At the same time, as we see in the diminution and reconfiguration from Build Back Better to Inflation Reduction Act, making the sausage is rarely inspiring. If the proposed bond package isn't inspiring, it's not terrible either. Maybe this was the best that was possible. But enough seams, gaps, and questions remain in it to make boosting for a hard sell.
The way the City is selling it as something for walking and biking is mainly puffery and does not inspire confidence. The transportation section leads in the City marketing materials with a bicycle and pedestrian category. But that's misleading, suspicious even, and evidence the City is doing a little bit of the bamboozle.
...The State Street project is $13 million for four blocks. It's not at all mainly a bike/ped project. It's a remodel for a "complete street" and a 4/3 safety conversion, and should be categorized instead as an "Urban Upgrade."
The Pringle Creek Path is a parks project, and belongs in the parks section.
That the McGilchrist project lacks a full set of protected bike lanesshows the City is not trying very hard.
The evidence for strong walking and biking projects is considerably weaker than the City's rhetoric suggests.
...The whole doesn't look like anything designed to make meaningful progress on our climate needs. Sure, contemporary "urban upgrades" include sidewalks, bike lanes, and crosswalks, but these are generally legacy, 1980s style paint-only bike lanes and they are what the law requires on rebuilds anyway.
There's not a lot of "above and beyond," and the City is trying to position the bond as if it were full of "above and beyond" for walking and biking.

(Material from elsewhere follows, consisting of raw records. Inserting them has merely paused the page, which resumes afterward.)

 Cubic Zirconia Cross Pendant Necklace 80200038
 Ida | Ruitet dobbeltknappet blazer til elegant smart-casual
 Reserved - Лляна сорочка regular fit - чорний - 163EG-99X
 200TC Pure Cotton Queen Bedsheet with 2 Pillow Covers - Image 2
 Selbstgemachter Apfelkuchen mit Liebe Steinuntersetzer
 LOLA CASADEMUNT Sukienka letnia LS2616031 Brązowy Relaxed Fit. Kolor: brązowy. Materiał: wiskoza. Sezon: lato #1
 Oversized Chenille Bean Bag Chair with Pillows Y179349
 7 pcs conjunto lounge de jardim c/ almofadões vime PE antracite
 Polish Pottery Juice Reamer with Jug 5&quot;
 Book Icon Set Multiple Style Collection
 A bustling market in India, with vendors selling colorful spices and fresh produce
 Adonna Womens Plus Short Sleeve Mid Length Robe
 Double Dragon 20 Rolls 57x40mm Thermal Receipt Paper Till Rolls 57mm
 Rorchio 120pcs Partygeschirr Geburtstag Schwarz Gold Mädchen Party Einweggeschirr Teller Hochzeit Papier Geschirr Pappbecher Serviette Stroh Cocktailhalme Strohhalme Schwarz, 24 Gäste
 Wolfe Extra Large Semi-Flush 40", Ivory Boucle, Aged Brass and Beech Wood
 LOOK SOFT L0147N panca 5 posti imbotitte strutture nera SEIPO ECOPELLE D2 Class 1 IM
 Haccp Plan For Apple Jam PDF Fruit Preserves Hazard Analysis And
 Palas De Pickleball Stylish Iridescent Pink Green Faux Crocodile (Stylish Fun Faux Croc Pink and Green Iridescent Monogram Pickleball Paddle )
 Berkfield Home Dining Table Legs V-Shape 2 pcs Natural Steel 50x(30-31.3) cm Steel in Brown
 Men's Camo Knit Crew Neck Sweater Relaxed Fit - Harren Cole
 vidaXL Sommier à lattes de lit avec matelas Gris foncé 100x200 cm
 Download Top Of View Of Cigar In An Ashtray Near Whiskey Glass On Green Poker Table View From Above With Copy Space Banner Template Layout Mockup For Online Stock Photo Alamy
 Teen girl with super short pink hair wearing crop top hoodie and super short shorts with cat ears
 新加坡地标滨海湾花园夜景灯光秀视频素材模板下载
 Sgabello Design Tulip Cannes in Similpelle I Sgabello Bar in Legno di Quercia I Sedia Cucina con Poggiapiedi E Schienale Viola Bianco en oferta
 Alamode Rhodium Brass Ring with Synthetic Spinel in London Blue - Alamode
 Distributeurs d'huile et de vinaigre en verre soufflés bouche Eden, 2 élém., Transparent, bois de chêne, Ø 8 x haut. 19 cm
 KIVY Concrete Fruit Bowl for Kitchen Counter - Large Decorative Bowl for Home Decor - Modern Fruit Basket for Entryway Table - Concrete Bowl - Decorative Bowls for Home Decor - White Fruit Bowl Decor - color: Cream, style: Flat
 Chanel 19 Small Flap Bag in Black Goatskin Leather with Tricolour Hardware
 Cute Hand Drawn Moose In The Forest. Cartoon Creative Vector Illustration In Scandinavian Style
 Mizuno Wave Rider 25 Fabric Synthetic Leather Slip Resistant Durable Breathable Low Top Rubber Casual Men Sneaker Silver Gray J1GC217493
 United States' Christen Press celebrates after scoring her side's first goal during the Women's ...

It meets the minimum, but they want to say it is the maximum. It may not qualify as outright dishonest, but they are spinning when they could be concretely doing more.
So there's good reason for liberal environmentalists to view the bond measure as deserving of a "No" vote, and also good reason for conservative small-government types to view the bond measure as wasteful spending.
It probably will pass, since there's no organized opposition to it. But Salem could have done a lot better with the $300 million.
My pet peeve is that the bond measure contains $26 million to replace Salem's entire fleet of fire trucks. This includes those giant trucks that race around town going to medical calls, which account for the vast majority of fire department calls.
It's ridiculous that the City Council didn't demand that the Salem Fire Department conduct a serious investigation into alternatives to the current highly inefficient way medical calls are responded to. A big reason why Salem's fire trucks are worn out is that they're rarely used to fight fires, and mostly used for medical calls.